Exercise> Pictures must not appear in the copy. Reproduce exactly, and only, the lines from the one with "Teamson Home 2-Tier" through the end of the data below.

Information supplied>
-.-.-
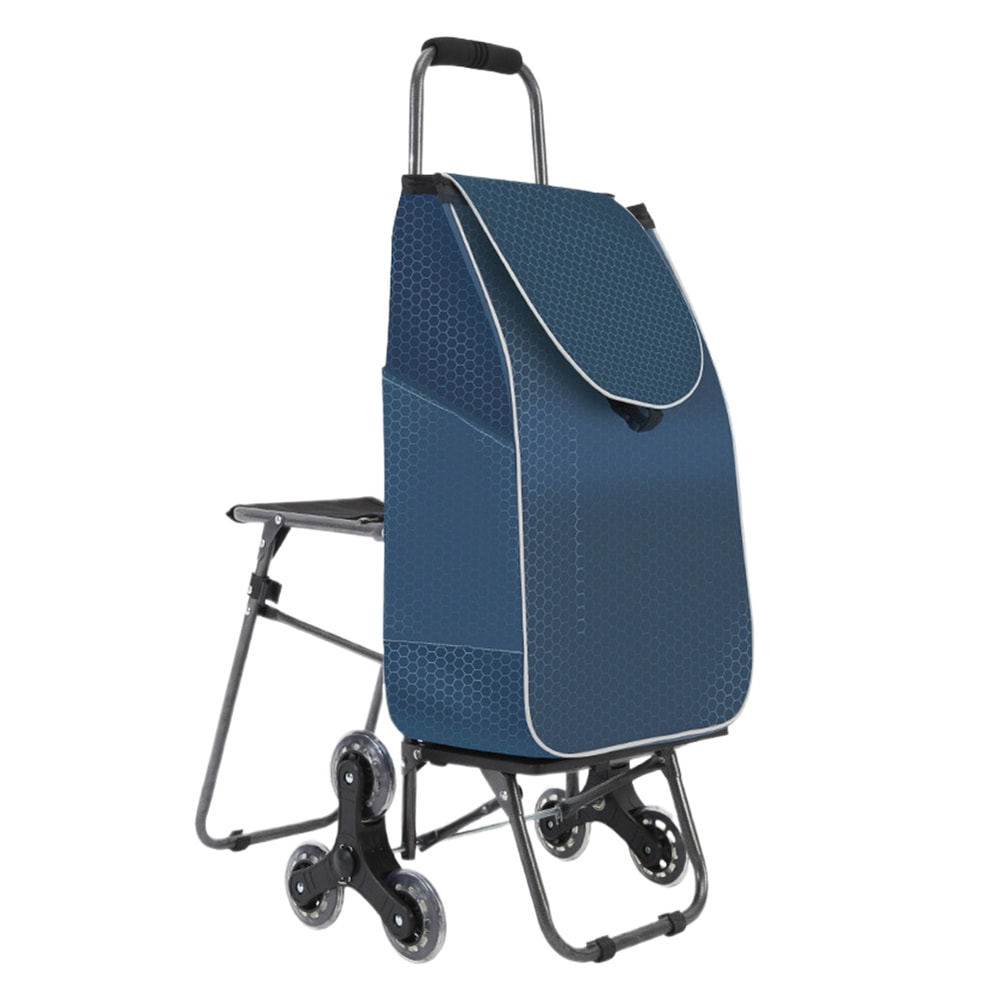 Foldable Stair Climbing Cart with Seat and Waterproof Bag for Groceries, Laundry and Travel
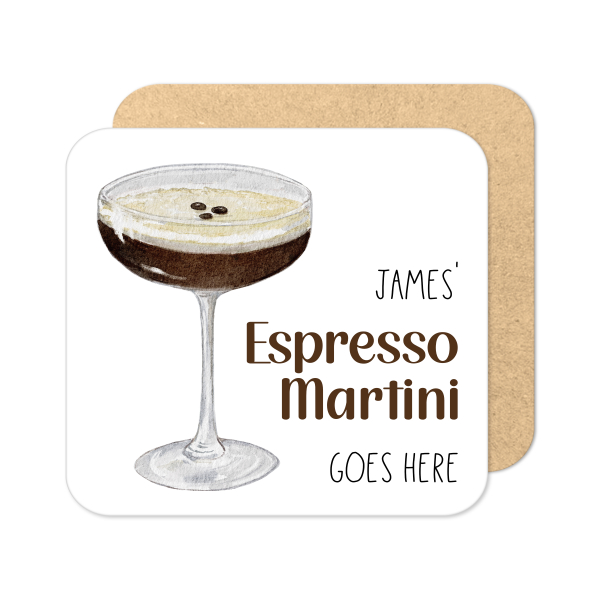 Personalised Espresso Martini Coaster | Personalised Cocktail Coaster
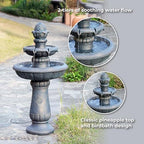 Teamson Home 2-Tier Birdbath Water Fountain Outdoor Garden with Shallow Basin - Image 4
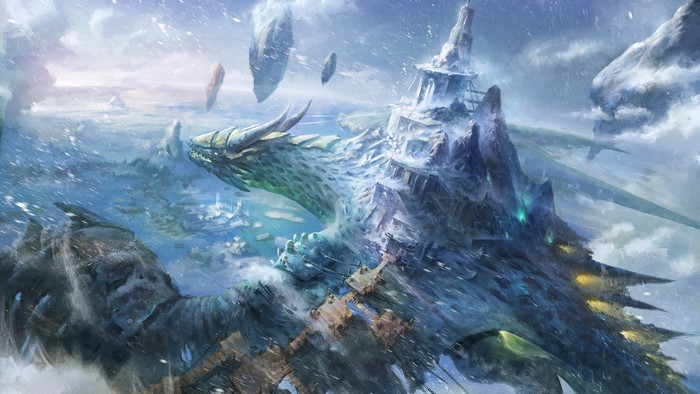Dragon flying over a fantasy ice city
-.-.-
Answer space>
 Teamson Home 2-Tier Birdbath Water Fountain Outdoor Garden with Shallow Basin - Image 4
Dragon flying over a fantasy ice city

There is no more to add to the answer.